The End of Suffering and the Discovery of Happiness by His Holiness the Dalai Lama is the first book I’ve had the privilege of reviewing for Hay House. The first of the six chapters, drawn from various essays by His Holiness, is the frame for the rest. This chapter, “What Can Religion Contribute to Mankind,” addresses the fundamental human problem: the desire for happiness and the experience of suffering.
The Dalai Lama’s premise, with which I imagine most everyone reading this will agree, is that material development is not sufficient to solve the problem of suffering. What is lacking is development of consciousness or mind. And while we have developed substantial mental capacities, we have largely neglected the heart.
“Although the intellect—the “brain” aspect of human beings—has been much developed and put to use, we have somehow neglected the “heart” aspect, by which I mean the development of a good heart, love, compassion, kindness, and forgiveness….The key point is developing a basic human feeling, which means genuine sincerity, genuine openness, genuine love and kindness, and respect for others as brothers and sisters.”
After establishing that development of the mind and heart is essential if we are to heal the fundamental human problem, the Dalai Lama moves to personal responsibility. It is not enough to work for world peace, we must cultivate inner peace. It is not enough to advocate for justice, we must cultivate the qualities of clarity and compassion in ourselves.

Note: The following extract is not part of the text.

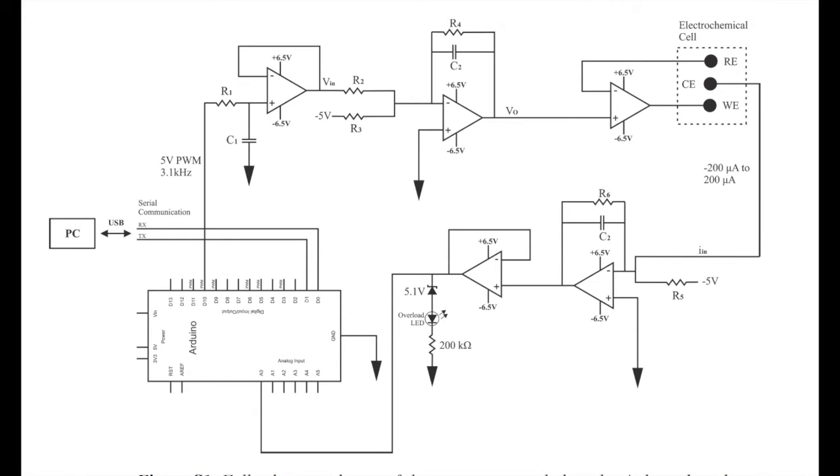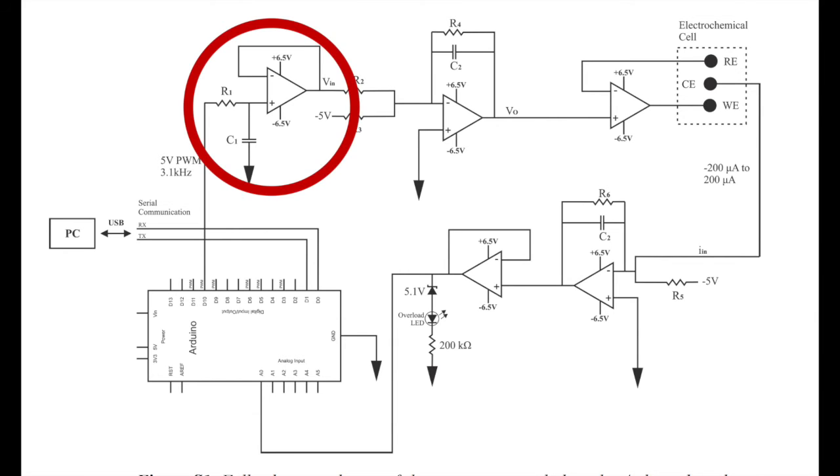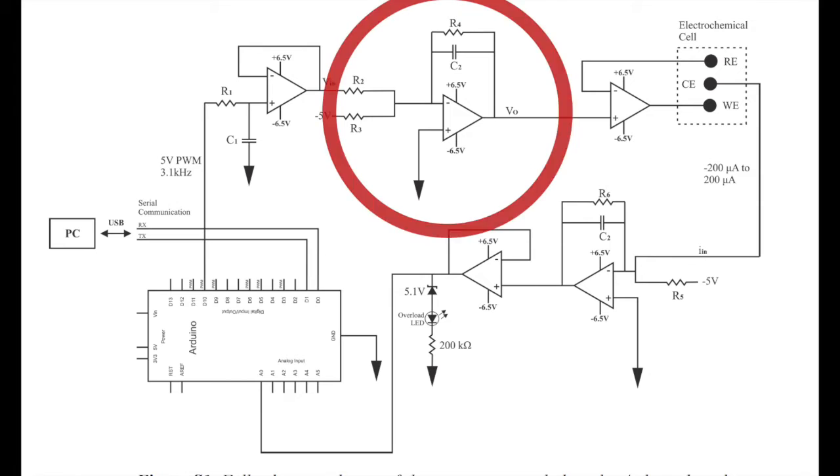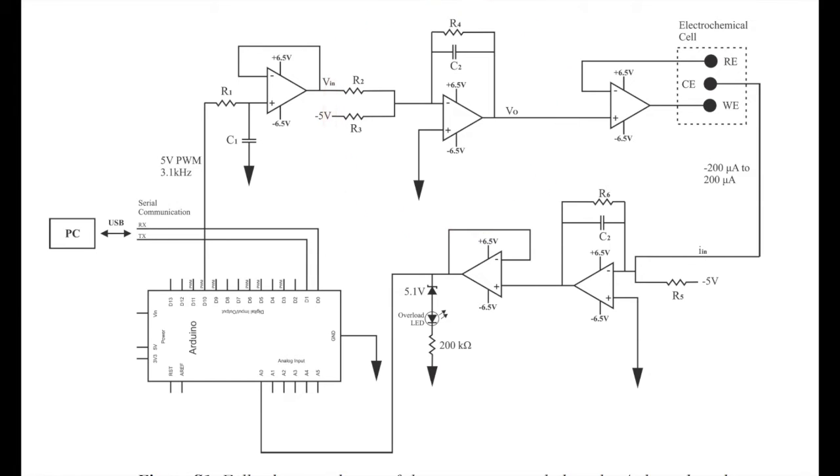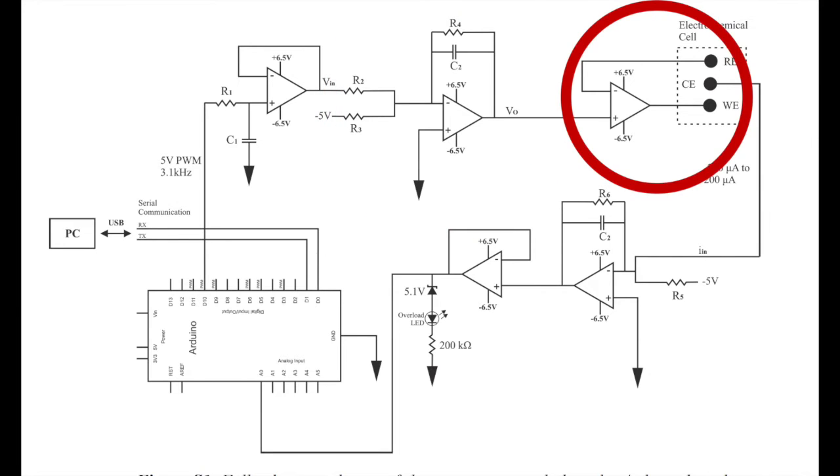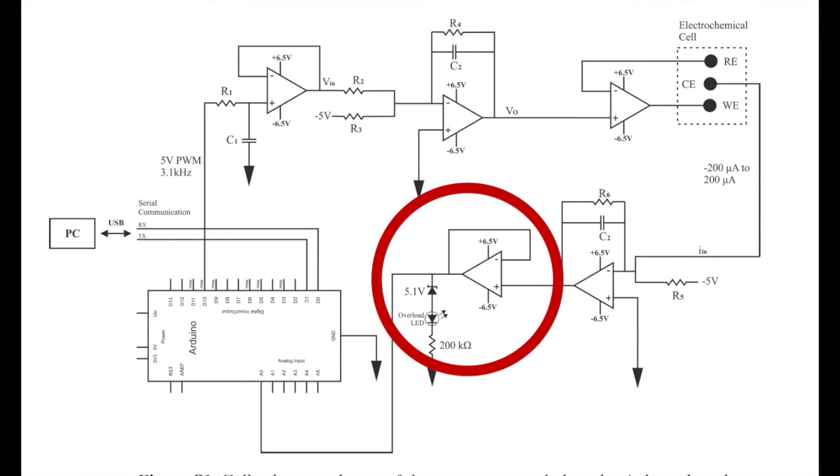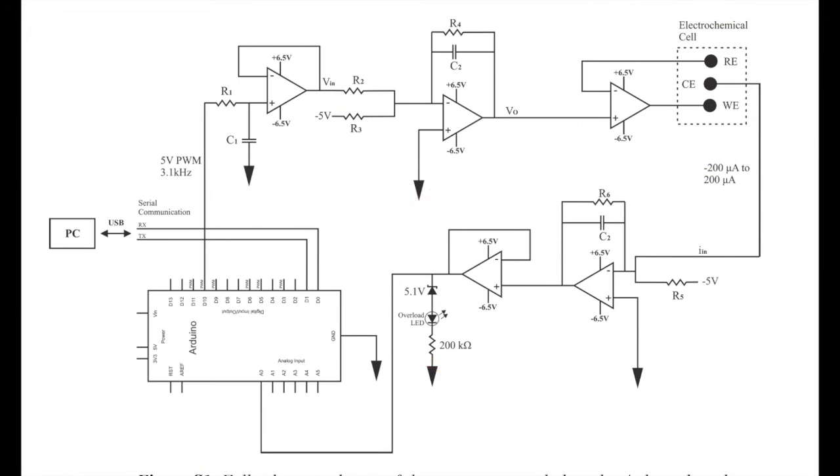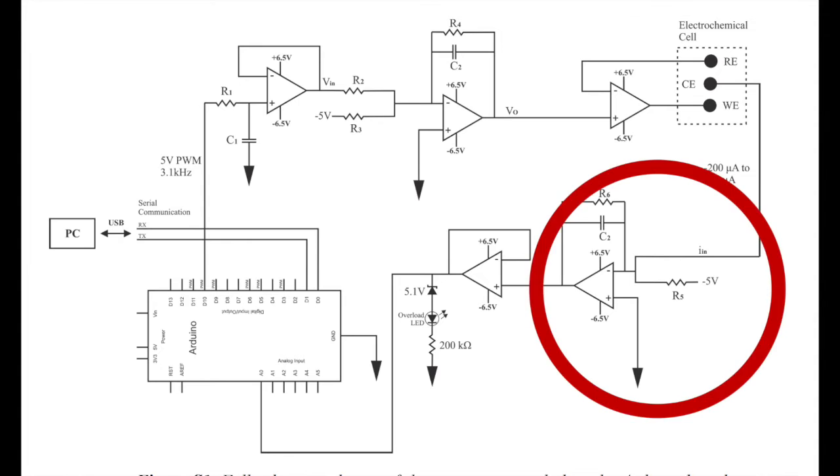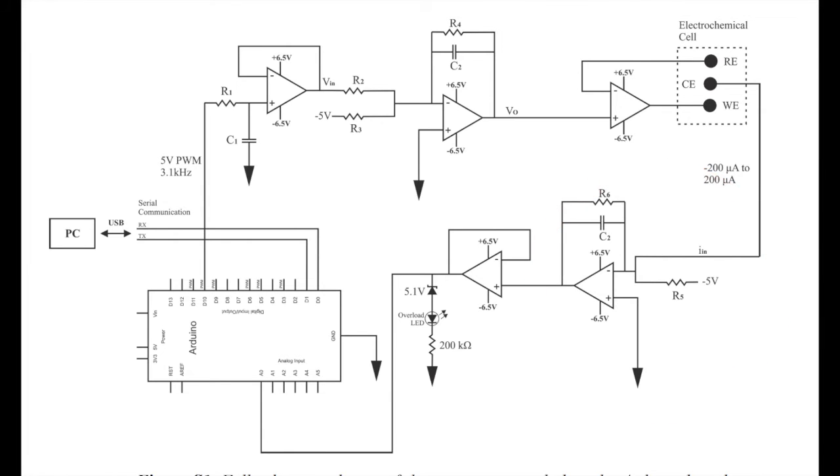Here is an overview of the potentiostat circuit that we will be assembling. Although it looks quite complicated, we will go through it together and its assembly. The first component here is the DAC, or digital-to-analog converter. Then we have the summing amplifier, the electrochemical cell, the analog-to-digital converter, and the transimpedance amplifier.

The foundation of personal responsibility is practice, and that forms the basis of the rest of the book. Chapters two through six are somewhat heavy lifting. In them the Dalai Lama interprets and to some extent simplifies core teachings and practices of Tibetan Buddhism. Much of this material will be challenging for all but advanced practitioners.I found myself reading many passages two and three times before I felt I had some grasp of their meaning. The descriptions of advanced practices were understandable, but not immediately useful to someone who is not well along the path.
I thought several times of setting the book aside, and I’m glad I did not. By sticking to it, I developed a deeper appreciation of the commitment we must make to whatever practice we adopt if, in fact, we are to be the change we wish to see in the world. The book awoke in me a warrior energy, which continues to inspire me to spiritual action. Finally, I felt in some manner that I was spending time in the presence of this great being.
Bottom line: While it’s not a light read, The End of Suffering and the Discovery of Happiness is a window into the heart of Tibetan Buddhism and an invitation to hang out for a while with its spiritual leader. I’d read it again.